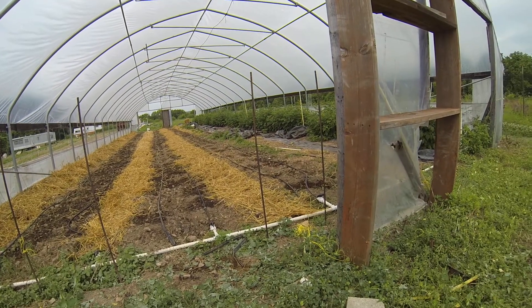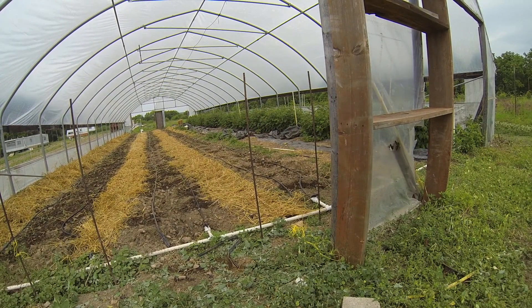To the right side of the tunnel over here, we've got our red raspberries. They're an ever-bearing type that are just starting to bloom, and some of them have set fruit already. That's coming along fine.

---

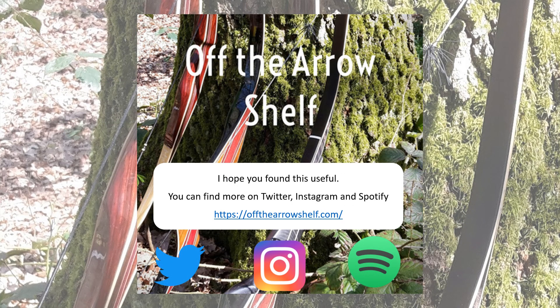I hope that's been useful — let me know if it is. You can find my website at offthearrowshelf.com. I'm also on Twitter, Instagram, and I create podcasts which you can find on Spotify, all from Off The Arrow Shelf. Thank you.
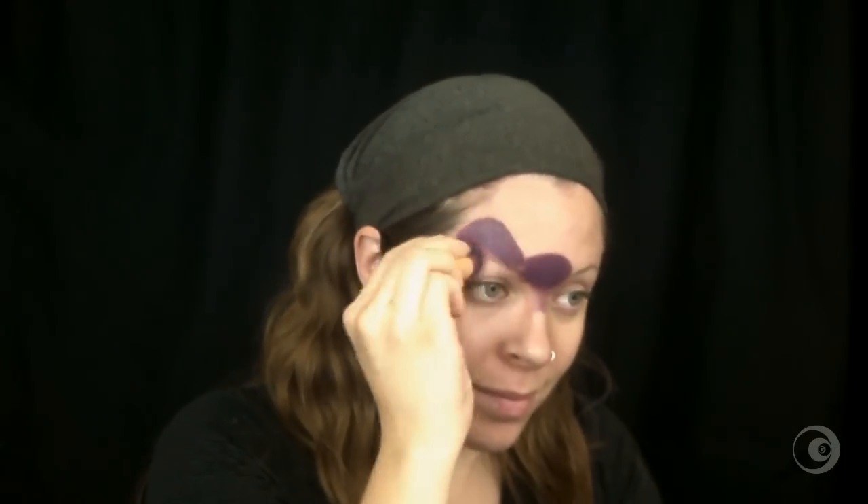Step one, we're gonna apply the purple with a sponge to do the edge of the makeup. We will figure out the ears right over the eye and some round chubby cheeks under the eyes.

==

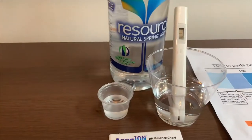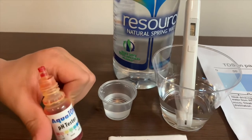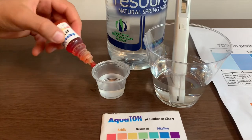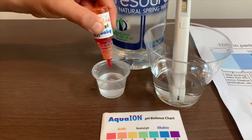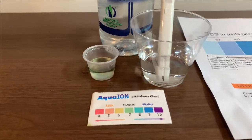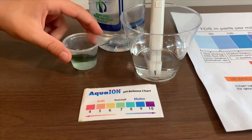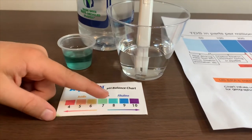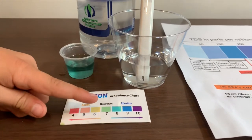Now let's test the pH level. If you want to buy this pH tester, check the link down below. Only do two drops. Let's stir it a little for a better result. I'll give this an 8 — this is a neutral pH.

» **DIRECTIONS FOR THIS TASK**
Write out word for word the lines of the listing above from the line with "I hope that's" to the line with "Step one, we're", taking in both of those lines but no pictures.

» **PROBLEM SOLUTION**
I hope that's been useful — let me know if it is. You can find my website at offthearrowshelf.com. I'm also on Twitter, Instagram, and I create podcasts which you can find on Spotify, all from Off The Arrow Shelf. Thank you.
Step one, we're gonna apply the purple with a sponge to do the edge of the makeup. We will figure out the ears right over the eye and some round chubby cheeks under the eyes.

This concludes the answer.